Report: Account for Coal’s Hidden Costs

A new report released yesterday sheds light on the hidden costs of coal production, which the Department of the Interior (DOI) should take into account if it wants to modernize the federal coal program and earn “fair market value” for taxpayers, as required by law. Illuminating the Hidden Costs of Coal: How the Interior Department Can Use Economic Tools to Modernize the Federal Coal Program was prepared by the New York University Institute for Policy Integrity. It includes the first-ever calculation of how the social and environmental costs of coal production could be incorporated into federal leasing terms.

Billions of tons of public coal managed by DOI have been sold under a loophole for pennies per ton over the past three decades, and a growing chorus of interests are calling for reform.
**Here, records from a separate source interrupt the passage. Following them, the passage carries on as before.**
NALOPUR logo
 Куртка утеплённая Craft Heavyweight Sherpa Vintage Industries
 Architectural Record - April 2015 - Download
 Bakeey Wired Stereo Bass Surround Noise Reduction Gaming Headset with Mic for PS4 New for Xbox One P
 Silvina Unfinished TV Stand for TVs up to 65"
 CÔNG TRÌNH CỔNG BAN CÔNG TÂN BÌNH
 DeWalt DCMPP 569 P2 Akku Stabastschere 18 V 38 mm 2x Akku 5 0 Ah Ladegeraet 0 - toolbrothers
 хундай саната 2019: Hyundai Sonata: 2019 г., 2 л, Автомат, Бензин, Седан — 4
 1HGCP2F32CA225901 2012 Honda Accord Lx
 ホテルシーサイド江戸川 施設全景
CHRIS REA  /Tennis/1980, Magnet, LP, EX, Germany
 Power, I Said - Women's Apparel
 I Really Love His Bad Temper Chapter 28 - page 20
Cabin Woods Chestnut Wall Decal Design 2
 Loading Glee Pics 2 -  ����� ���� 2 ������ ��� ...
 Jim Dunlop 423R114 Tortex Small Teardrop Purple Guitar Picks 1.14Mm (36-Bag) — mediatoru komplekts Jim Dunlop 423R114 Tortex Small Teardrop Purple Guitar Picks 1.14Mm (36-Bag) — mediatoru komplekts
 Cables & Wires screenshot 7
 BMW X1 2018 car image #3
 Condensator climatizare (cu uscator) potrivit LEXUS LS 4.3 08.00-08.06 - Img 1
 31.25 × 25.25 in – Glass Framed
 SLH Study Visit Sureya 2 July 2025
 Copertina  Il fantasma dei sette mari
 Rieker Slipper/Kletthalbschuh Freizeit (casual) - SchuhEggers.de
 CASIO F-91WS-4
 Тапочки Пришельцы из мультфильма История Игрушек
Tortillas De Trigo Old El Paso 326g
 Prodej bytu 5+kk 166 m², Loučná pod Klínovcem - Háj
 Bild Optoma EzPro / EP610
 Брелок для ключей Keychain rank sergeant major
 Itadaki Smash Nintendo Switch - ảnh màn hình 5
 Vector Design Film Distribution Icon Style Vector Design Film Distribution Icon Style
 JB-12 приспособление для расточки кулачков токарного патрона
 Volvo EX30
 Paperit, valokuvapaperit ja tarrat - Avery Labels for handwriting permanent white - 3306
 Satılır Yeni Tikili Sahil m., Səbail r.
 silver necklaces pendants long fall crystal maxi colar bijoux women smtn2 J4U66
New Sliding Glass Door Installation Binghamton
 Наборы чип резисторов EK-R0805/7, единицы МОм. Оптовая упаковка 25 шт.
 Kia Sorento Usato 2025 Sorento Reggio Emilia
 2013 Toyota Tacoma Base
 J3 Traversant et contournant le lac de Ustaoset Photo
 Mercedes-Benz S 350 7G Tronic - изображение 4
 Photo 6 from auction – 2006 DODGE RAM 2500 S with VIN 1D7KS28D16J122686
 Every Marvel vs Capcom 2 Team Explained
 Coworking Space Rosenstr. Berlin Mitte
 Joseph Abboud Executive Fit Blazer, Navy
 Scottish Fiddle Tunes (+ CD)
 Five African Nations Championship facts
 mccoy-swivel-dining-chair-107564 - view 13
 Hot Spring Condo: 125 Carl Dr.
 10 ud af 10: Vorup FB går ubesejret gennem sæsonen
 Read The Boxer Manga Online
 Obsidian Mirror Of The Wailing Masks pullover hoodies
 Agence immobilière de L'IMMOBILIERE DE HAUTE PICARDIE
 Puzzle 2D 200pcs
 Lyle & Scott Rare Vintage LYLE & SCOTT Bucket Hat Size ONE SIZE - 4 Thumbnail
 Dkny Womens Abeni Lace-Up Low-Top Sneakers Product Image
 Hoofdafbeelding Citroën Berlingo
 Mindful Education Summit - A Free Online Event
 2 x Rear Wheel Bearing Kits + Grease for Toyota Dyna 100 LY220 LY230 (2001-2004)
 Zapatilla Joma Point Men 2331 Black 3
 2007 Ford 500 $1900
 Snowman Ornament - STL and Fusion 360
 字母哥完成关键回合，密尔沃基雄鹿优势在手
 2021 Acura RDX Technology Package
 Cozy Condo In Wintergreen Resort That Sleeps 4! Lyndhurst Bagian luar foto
The NYU report provides detailed economic analysis of the costs that need to be taken into account when leasing the public’s coal.

Recommendations include:

  • Increase royalty rates to account for the environmental costs of coal production which are imposed on the public.
  • Consider increasing coal royalty rates even higher to account for transportation externalities, such as long rail hauls from the Powder River Basin to ports on the Pacific Coast.
  • Revise royalty rate reduction and transportation allowance regulations to provide better incentives for coal companies to eliminate inefficient and market distorting subsidies.
  • Increase minimum bids to account for inflation, fixed external costs and to overcome persistent problems with the historically uncompetitive leasing practices.